While white and Baby Bella mushrooms still drive the majority of volume, specialty varieties continue to gain attention, especially Shiitake, Oyster, Lion’s Mane, Maitake, Royal Trumpet, Chestnut and Pioppini.
“Phillips differentiates through scale, consistency, variety and heritage,” Steller said. “We offer a full line of conventional, organic, specialty, sliced, whole and value-added mushroom products, backed by nearly a century of growing experience. Our advantage is being able to combine large-scale supply reliability with specialty mushroom expertise and new product innovation.”
Sustainability is central to mushroom farming and a big part of Phillips’ philosophy.
“Mushrooms are efficient to grow, require relatively little land and fit naturally into circular agricultural systems,” Steller said. “For Phillips, sustainability also means responsible growing practices, efficient resource use, waste reduction and helping customers tell a stronger sustainability story through mushrooms as a plant-forward, low-impact food.”
During summer, the company supports retailers with merchandising ideas that connect mushrooms to grilling, burgers, kabobs, salads and easy weeknight meals.
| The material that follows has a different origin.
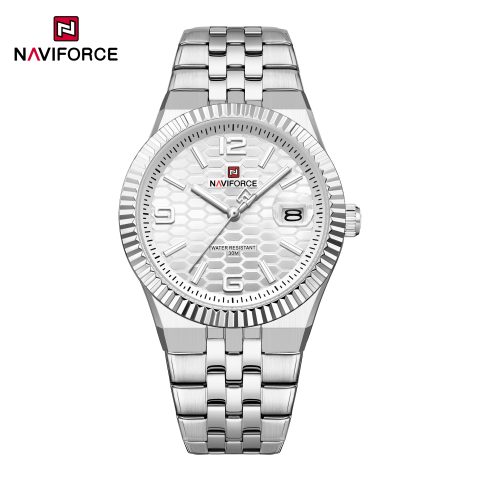 Naviforce 9277 Men's Watch - Silver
“Portabellas, sliced mushrooms, stuffed mushrooms and specialty blends all work well for summer displays,” Steller said.
The Phillips family has been growing mushrooms since 1927, and that history gives the family a deep knowledge of the crop, the market and customer expectations.
“Our scale allows us to provide consistent supply, while our experience helps maintain quality across a broad assortment,” Steller said. “We combine traditional growing knowledge with modern food-safety, quality systems and customer service. Our history of innovation fuels forward momentum even in challenging times for the mushroom industry.”
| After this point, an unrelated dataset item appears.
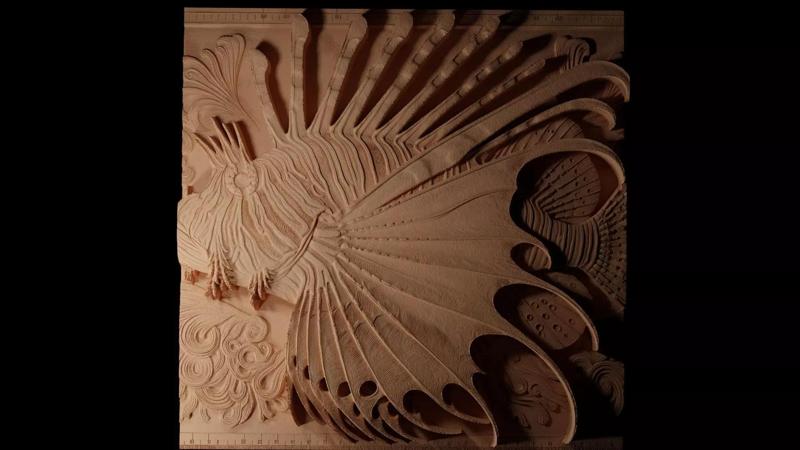 Lionfish CNC 3d Print High Relief Sand Casting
This year has presented some challenges for the company, but its long history has prepared them for when issues come along.
“Like many produce businesses, we’re managing labor pressure, energy costs, packaging costs, transportation and the need for reliable cold-chain distribution,” Steller said. “We’re addressing these challenges through operational discipline, investments in efficiency, strong customer planning, packaging optimization and maintaining a diversified product mix across retail, foodservice and value-added channels.”
Looking ahead, Phillips Mushroom Farms is optimized for growth in the core areas of consumer focus right now.
“Our state-of-the-art growing facilities are designed to prioritize quality, consistency and reliability,” Steller said. “In 2026, we will be expanding our specialty growing operation to handle the increased demand for these items. There are a handful of really exciting new products in the pipeline, including recently launched mushrooms like chestnut, new value-add items and more. The mushroom category has grown over the last century by way of continued innovation, and we don’t see that trend slowing down in 2026.”